Exercise 9 *** - Mini-Batch Gradient Variance

Let per-example gradients $g_i$ be iid with mean $\mu$ and variance $\sigma^2$ . A mini-batch gradient is $\\bar g_B = B^{-1}\sum_{i=1}^B g_i$ .

Part (a): Derive $\operatorname{Var}(\\bar g_B)=\sigma^2/B$ .

Part (b): Verify this scaling by simulation for several batch sizes.

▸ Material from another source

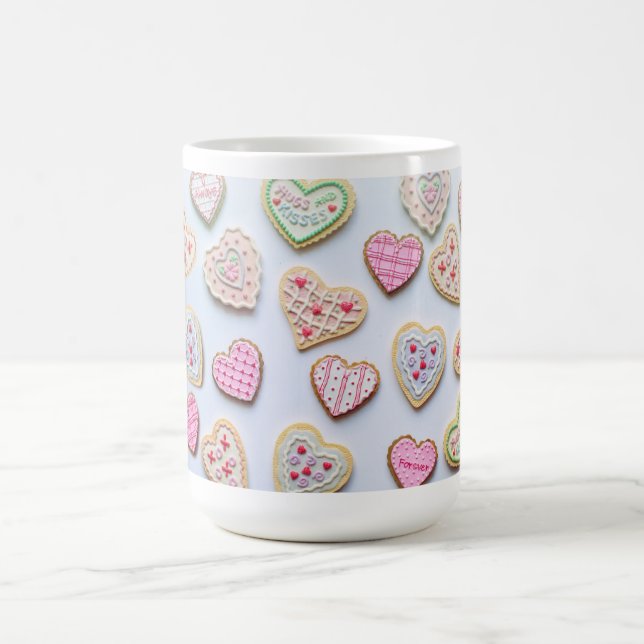 Alla hjärtans dags hjärtekakor   kaffemugg (Center)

Part (c): Explain the tradeoff between gradient noise and compute efficiency.

Code cell 29

# Your Solution
print("Write your solution here, then compare with the reference solution below.")

Code cell 30

# Solution
mu, sigma = 0.3, 2.0
batch_sizes = [1, 4, 16, 64, 256]
n_trials = 20000

header('Exercise 9: Mini-Batch Gradient Variance')
for B in batch_sizes:
    batches = np.random.normal(mu, sigma, size=(n_trials, B))
    means = batches.mean(axis=1)
    empirical_var = means.var(ddof=0)
    theory_var = sigma**2 / B
    print(f'B={B:3d}: empirical Var={empirical_var:.4f}, theory={theory_var:.4f}')
    check_close(f'variance scales as 1/B for B={B}', empirical_var, theory_var, tol=0.06)
print('Takeaway: larger batches reduce estimator variance, but with diminishing returns proportional to 1/B.')

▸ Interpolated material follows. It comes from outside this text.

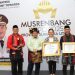 Pemkab Tapsel Terima 2 Penghargaan dari Pj Gubernur Sumut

Exercise 10 *** - Control Variates for Variance Reduction

Estimate $\mathbb{E}[e^X]$ for $X\sim\mathcal{N}(0,1)$ . Use $C=X$ as a control variate with known mean $\mathbb{E}[C]=0$ .

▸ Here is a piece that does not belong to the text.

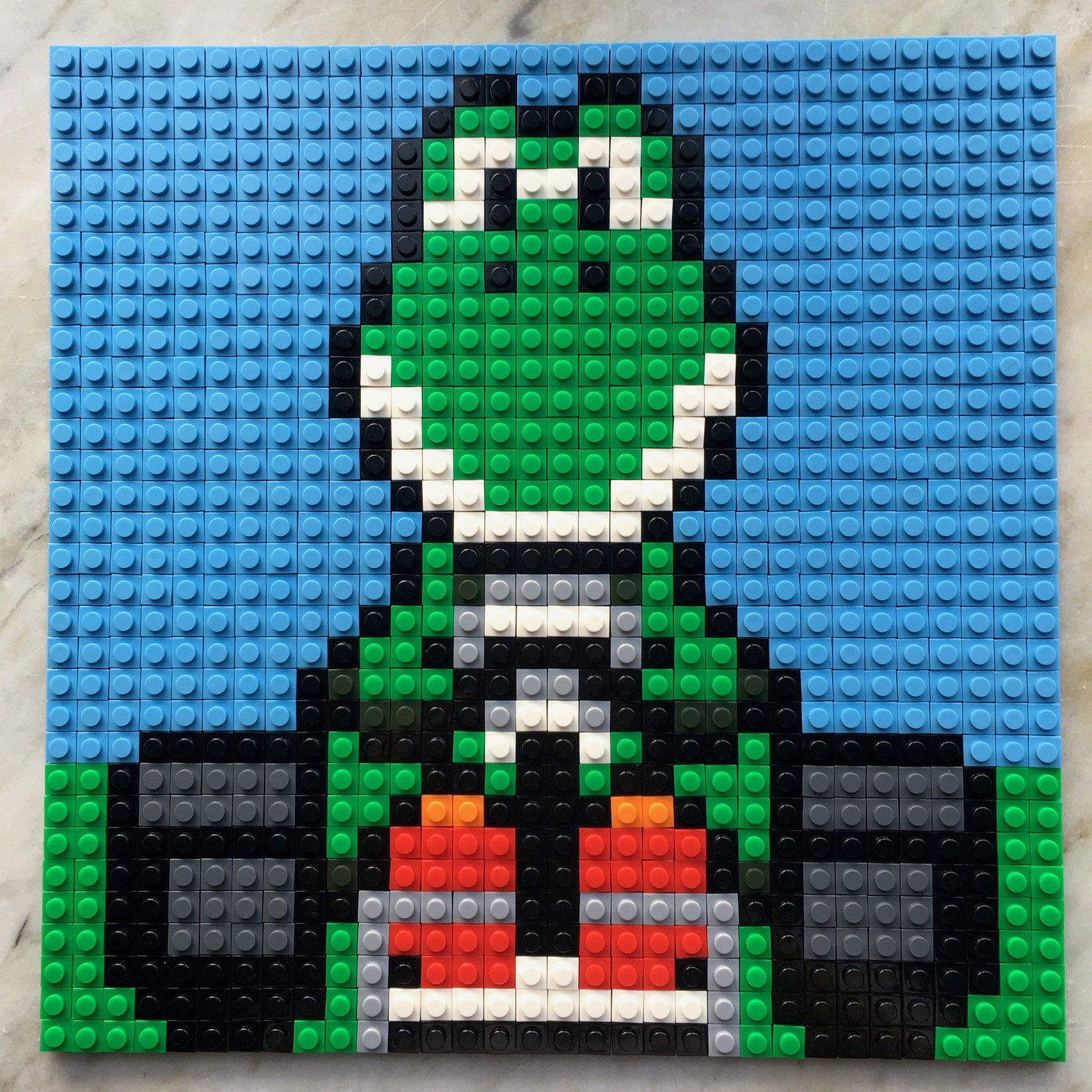 Super Mario Kart Brick Puzzle Boxset Size 26x26 Cm Etsy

Part (a): Implement the naive Monte Carlo estimator.

Part (b): Estimate the optimal control coefficient $b^*=\operatorname{Cov}(Y,C)/\operatorname{Var}(C)$ .

Part (c): Compare estimator variance with and without the control variate.

Part (d): Explain why variance reduction matters for policy gradients and variational inference.

Code cell 32

# Your Solution
print("Write your solution here, then compare with the reference solution below.")

Code cell 33

# Solution
n = 200000
X = np.random.randn(n)
Y = np.exp(X)
C = X
b_star = np.cov(Y, C, ddof=0)[0, 1] / np.var(C)
Y_cv = Y - b_star * (C - 0.0)
true_value = np.exp(0.5)

header('Exercise 10: Control Variates')
print(f'True E[e^X]: {true_value:.4f}')
print(f'Naive estimate: {Y.mean():.4f}')
print(f'Control-variate estimate: {Y_cv.mean():.4f}')
print(f'Optimal b*: {b_star:.4f}')
print(f'Naive sample variance: {Y.var():.4f}')
print(f'Control-variate sample variance: {Y_cv.var():.4f}')
check_true('Control variate reduces variance', Y_cv.var() < Y.var())
check_close('Control-variate estimate is close to truth', Y_cv.mean(), true_value, tol=0.02)
print('Takeaway: subtracting a correlated zero-mean term keeps the expectation fixed while reducing Monte Carlo noise.')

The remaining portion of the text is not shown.